Louisa Dale, Senior Relations and Support Manager at JISC, spoke to ScienceOmega.com
to explain more about the intentions behind this project. I began by asking Dale why it is so important for today’s students to be well versed in the use of open web technologies and social media.
"Both JISC and the British Library are keen for researchers to exploit all
of the tools and technologies that are available to them, and these tools don’t necessarily have to be web-based," she replied. "We need to make sure that our young researchers are using the resources that are available to support their specific disciplinal needs, and that they are getting the most out of their institutional and academic experiences. Obviously, at JISC, we want to promote the use of technologies, not as ends in themselves, but as tools to support academic practice. It’s about making sure that students are equipped to deliver the best research outputs that they possibly can."
The results of this study will come as a surprise to many. It is easy to assume that all youngsters are supremely tech-savvy, and that web technologies and social media come as second nature to Generation Y. As Dale explains, however, the researchers were careful not to make any assumptions before conducting their investigation.
"We funded this research to establish a benchmark so that we could be informed about our levels of investment and our support for universities," she explained. "Julie Carpenter, the lead researcher of the study, saw this as an opportunity to go directly to the students, rather than the institutions, and to learn through their experiences. We wanted to hear it from the horse’s mouth, as it were. It was important for us to understand current trends and practices, and crucially, not to assume anything about what was used and what was useful."
I asked Dale whether the results that were obtained suggested that Generation Y students were not fully aware of the benefits offered by these resources.
"Clearly, the majority of young researchers do not fully appreciate the benefits and virtues of these resources," she replied. "We found that students were reticent about using particular social media tools unless they were immediately applicable to their research disciplines or to the focus of their studies. They weren’t necessarily adventurous in testing and trialling, partly because they have significant time pressures placed upon them. One would imagine that most are really focused on their studies rather than on experimenting during the course of their PhD.
"We are keen to work further with PhD supervisors in particular, to enhance their understanding of the potential of social media. We are also eager to work with institutions in order to establish peer support networks. Clearly, peer support is very important to PhD students as it is immediately available and allows them to turn to their friends for help. There are opportunities for universities to work closely with peer support networks, and some are already doing this."

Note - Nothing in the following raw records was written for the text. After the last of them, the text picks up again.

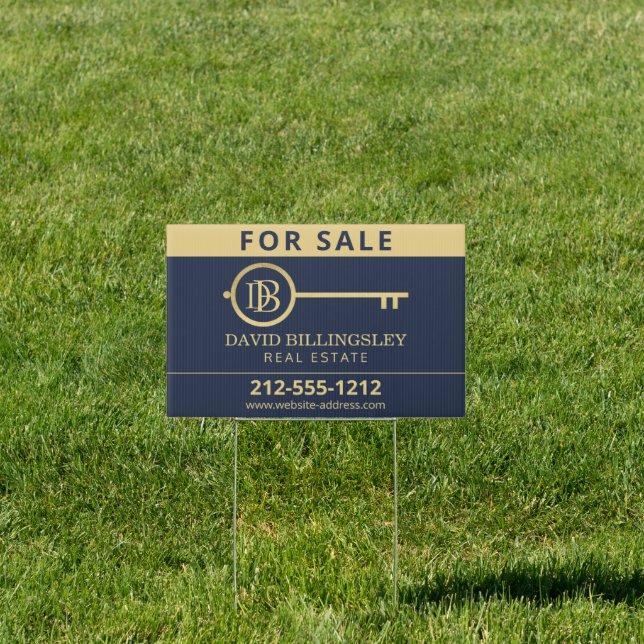 Luxe Faux Gold Skeleton Key Monogram Realtor Blue Sign (Insitu)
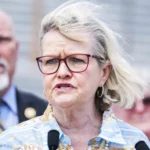 Cleta Mitchell, chair of the Election Integrity Network, speaks during a news conference at the House steps of the U.S. Capitol on May 8, 2024. Photo: Tom Williams/CQ Roll Call via AP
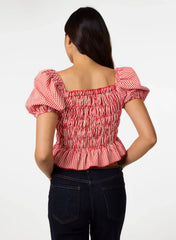 Gingham Check Ruched Top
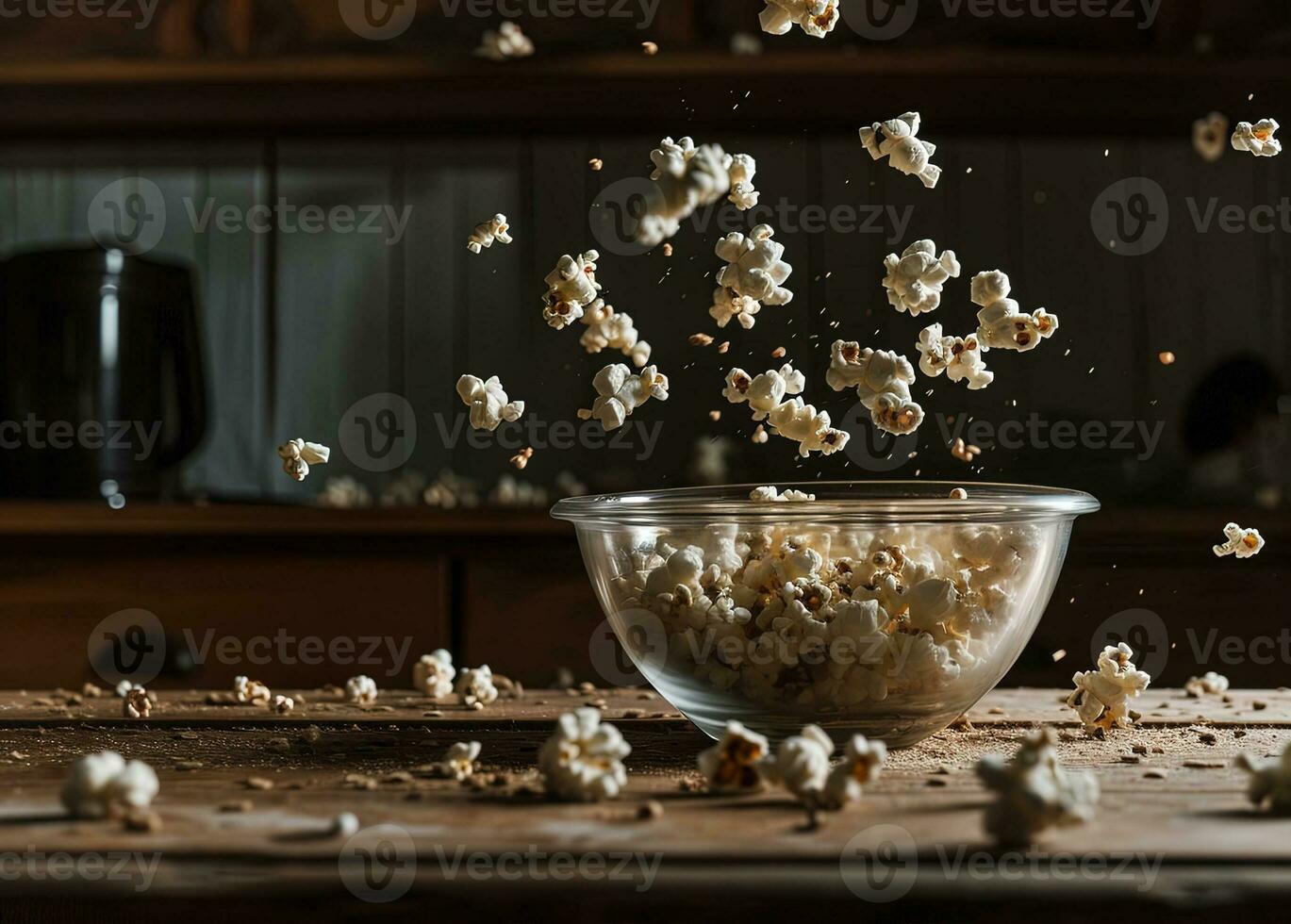 ai gegenereerd popcorn vallend van kom Aan houten tafel foto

Developments within fields such as social media certainly move at a brisk pace. Popularity of a particular tool does not seem to prevent ‘the next big thing’ from quickly taking over the mantle. I asked Dale whether she believed that these technologies were here to stay, and if so, whether their becoming more widely utilised within the research community was inevitable.
"In terms of technologies, we rarely imagine that anything is here to stay. Our development and use of products is constantly evolving. Specific tools will evolve and improve and new products will come into the marketplace. They may be home-grown or institutionally developed. They may be shared services that are available to all universities or commercial products. In any event, we are focused on allowing individuals and universities to understand the available opportunities at any one time, and on helping them to recognise how to utilise or adapt these technologies for their own immediate needs.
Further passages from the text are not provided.